Mais voilà, la Varsovie de 1963 dans laquelle ils se retrouvent n'est pas celle qu'ils ont connue.
Les mêmes événements ont eu lieu, la guerre notamment, mais leurs conséquences diffèrent. L'URSS n'a pas imposé sa loi à un bloc de l'Est incluant la Pologne. Celle-ci est dirigée par une Union France Allemagne qui veut l'amarrer à l'Europe Occidentale et une Union Slave dans laquelle se retrouve le Communiste Gierek et le Général Jaruzelski lutte pour une Pologne indépendante attachée à ses valeurs traditionnelles.

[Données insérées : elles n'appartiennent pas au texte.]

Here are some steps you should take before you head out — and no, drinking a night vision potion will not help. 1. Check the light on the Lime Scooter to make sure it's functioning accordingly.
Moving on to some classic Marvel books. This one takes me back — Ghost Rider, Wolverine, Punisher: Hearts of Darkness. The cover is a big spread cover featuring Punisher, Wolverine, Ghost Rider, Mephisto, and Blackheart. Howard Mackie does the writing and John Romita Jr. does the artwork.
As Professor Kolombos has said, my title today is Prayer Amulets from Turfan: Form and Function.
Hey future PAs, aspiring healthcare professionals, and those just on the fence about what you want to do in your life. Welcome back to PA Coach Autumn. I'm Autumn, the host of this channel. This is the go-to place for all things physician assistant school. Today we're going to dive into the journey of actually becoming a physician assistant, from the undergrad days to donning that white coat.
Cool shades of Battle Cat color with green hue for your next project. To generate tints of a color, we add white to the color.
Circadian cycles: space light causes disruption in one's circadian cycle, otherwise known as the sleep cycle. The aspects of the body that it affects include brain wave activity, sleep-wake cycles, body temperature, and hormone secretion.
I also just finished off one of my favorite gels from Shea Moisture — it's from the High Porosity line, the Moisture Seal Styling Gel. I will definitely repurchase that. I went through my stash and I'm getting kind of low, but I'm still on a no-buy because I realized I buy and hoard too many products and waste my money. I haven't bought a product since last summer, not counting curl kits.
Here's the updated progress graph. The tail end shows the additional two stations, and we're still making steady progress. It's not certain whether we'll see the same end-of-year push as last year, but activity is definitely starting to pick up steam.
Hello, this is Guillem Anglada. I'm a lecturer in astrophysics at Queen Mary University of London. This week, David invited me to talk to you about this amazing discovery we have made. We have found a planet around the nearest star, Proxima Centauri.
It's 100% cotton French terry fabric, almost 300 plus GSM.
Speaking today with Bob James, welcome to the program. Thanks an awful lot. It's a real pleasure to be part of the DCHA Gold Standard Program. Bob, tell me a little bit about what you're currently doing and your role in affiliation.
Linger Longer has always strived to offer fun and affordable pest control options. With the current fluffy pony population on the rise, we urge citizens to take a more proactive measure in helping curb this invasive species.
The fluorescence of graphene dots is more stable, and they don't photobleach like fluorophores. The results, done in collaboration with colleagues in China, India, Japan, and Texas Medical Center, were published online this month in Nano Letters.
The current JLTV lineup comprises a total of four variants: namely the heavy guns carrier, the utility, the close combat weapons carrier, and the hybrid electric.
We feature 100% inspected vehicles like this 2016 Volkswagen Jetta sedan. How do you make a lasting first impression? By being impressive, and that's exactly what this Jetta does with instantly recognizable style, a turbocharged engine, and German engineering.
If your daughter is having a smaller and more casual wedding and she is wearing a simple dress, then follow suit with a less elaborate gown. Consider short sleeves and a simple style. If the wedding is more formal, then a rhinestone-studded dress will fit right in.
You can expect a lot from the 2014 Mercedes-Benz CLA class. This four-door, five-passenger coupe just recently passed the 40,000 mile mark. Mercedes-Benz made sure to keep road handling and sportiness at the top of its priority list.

Très vite, Ludwik et Grazyna sont confrontés à des contraintes dont ils ignorent tout. La francisation du pays, le rôle joué par l'armée polonaise dans la guerre d'Algérie et d'autres tout à l'avenant les laissent rêveurs.
Ils se retiennent pour ne pas divulguer leurs connaissances de sujets qui n'ont pas encore été abordés par la société de 1963.
Ils jouent le jeu, mais étonnent leurs amis, ou parfois les choquent. de plus dans ce Varsovie-là, ils ne sont pas encore mariés.
Le tout est traité avec humour, comme cette scène au restaurant :
«On leur apporta leurs plats : un tajine aux légumes et un couscous aux saucisses d'agneau. « La Maisonnette blanche » s'avéra une interprétation polonaise du nom Casablanca et on y servait, comme l'annonçait l'enseigne, une «cuisine des pays du Maghreb», ce qui combla Ludwik parce qu'il adorait les mets épicés, or, précisément dans les années où une nourriture relevée avait fait son entrée en Pologne, son gastro-entérologue lui avait interdit de s'en approcher.
- Merci, Ahmed, ça semble délicieux, comme toujours, dit Iwona dans un français impeccable.
Elle sourit à l'homme qui les avait servis et donnait l'impression d'être le propriétaire de l'établissement.
- C'est moi qui vous remercie, répondit-il en polonais, mais avec un fort accent français. Vous être toujours très gentille, chère madame. Moi je préparer la nouveauté à goûter de ça Turquie. Doneh kebab, viande du mouton grillé dans le pain. Nous aller vendre ça de la fenêtre dans la rue, comme chez nous. Ça être…
Les mots lui manquaient.
- le tube de l'été  ! précisa-t-il en revenant au français.
- Un triomphe, Ahmed. Ou une prouesse. Mais ajoute peut-être quelque chose de polonais à ce plat pour que ça se vende ?
- Une salade de chou peut-être ? lança Ludwik, sans parvenir à se retenir, songeant aux kebabs polonais du XXIème siècle. Ahmed grimaça.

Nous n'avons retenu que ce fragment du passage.